DOG BEACH, THU 24OCT2013 MOR



    


Loc: HB/Cliffs/Dog Beach
Time: 0730-1015
Crew: Hideki, Chris
Conditions: 3 FT+, overcast, offshore, strong current

     Due to the demands of school I’ve missed a couple pulses that have brought some waves in the last ten-odd days, but this Thursday morning I have a chance to paddle out. I’d like to take advantage of my parking pass and head to Brookhurst or Bolsa, but Hideki says that he’ll be paddling out at The Cliffs in the morning. I’ve never surfed there before, and I’m not keen on paying for parking, but I haven’t surfed with any of the homies for a while, so I don’t mind the sacrifice. Aren’t a couple of bucks worth some face time with friends?
     When I arrive, I’m not even sure if I’m even parked at the proper spot. I have no idea how to get down to the surf, and I don’t see that much surf activity where I am. As soon as I step up to the railing to take the bird’s eye view of the surf, I see two big peaks breaking right in front. For me it’s validation enough that there’s some swell happening out there.
     I change and watch some longboarders hop over the bar and disappear down what looks like a very steep trail.
     Unsure of what fin setup to use, I stick with the thruster setup on my Mini Driver and scale the cliff down to the water.
     I have no idea where Hideki is or if I’ll even run into him this morning, but I figure I can paddle out and maneuver through the lineup and find him that way.
     I’m wading waist deep on the inside, not even paddling yet, when I notice Hideki’s streak of silver hair through his black mane, and he waves at me, probably seeing my chiseled jawline and my pecs through my wetsuit.

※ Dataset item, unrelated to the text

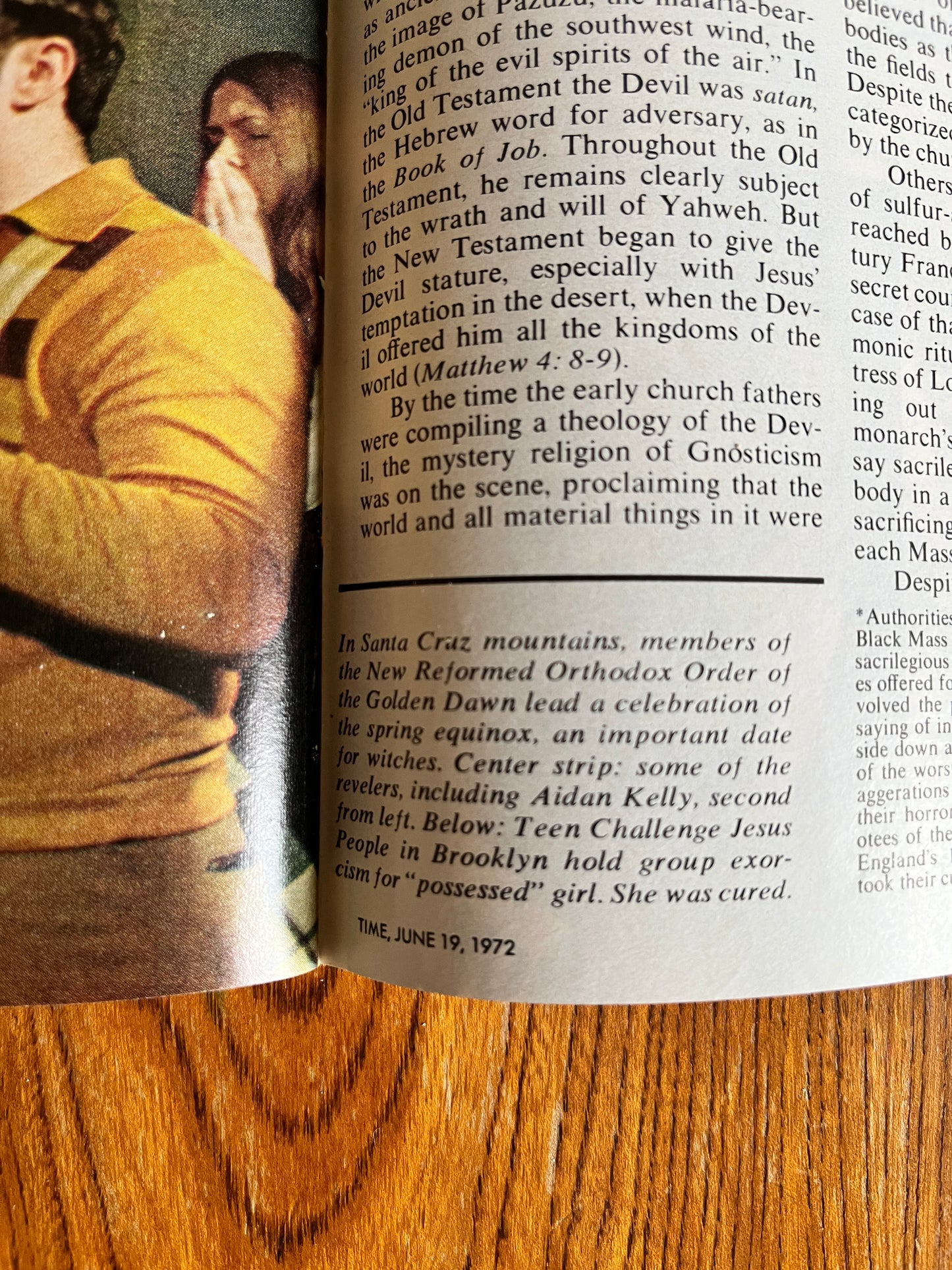 The Occult Revival - 1972 TIME Magazine (RARE, NEAR-NEW CONDITION AND NO SUB STICKER)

From that distance, it’s hard not to notice.
     When I reach him, I notice Chris further north, catching a left. I ask Hideki how the surf is, and he says that the current’s taken them all the way down here, but that they had originally started off by the “V”. I wave at Chris and notice that I’m getting pulled further north too, so I fight the current back to center of the cliff.
     About fifteen minutes later, I see Hideki and Chris on the sand doing the carousel, walking back on the sand to reset and paddle out further south. When I see them again in the water later, they catch their waves in and leave for work.

     My surfing is off. I’ve been smoking a little, here and there, so my lungs struggle for air. The inside is walled and consistent, not that big but really punchy. I struggle and get caught on a long set, getting pummeled despite my duckdives.

Understanding the Drive:
     There are a lot of lefts this morning, but the waves are so racy that I have a hard time connecting more than one turn. Further south I see a guy get a legit in-and-out cover up. I’m envious but props to that guy. He earned it.
     The current’s strong, so I have windows when I’m alone until guys drift in my space. I fight the current, but every time I catch a left, I have much more distance to get back to my spot.
     Seeing that guy getting barreled motivates me, so I start pulling in on waves. I practice my pig dog going right, and surprisingly I get a little distance inside. Not much, but it’s enough to notice that it’s a lot longer than usual, than when I usually just get closed-out on right away. I pull in going left, and there’s a moment of clarity inside the tube. Again, it only lasts a second or two, but I notice the difference. I have air or free space inside, like discovering an air pocket if you were buried alive in a dirt grave, and then I realize something. . . Shit, after all this time, years even, of me saying that I’ve been getting “pinched” in the barrel, I’ve been using that term incorrectly all along. I wasn’t really getting “barreled” to begin with. All those times pulling in, all I was doing was wiping out—induced wipeouts on closeouts. But this morning, on those two waves, I got a little bit of “drive” in the tube, and that’s what makes the difference. These things are becoming clearer to me, especially after my recent sessions at DMJ. Without any distance inside, I shouldn’t even use the word “barrel.”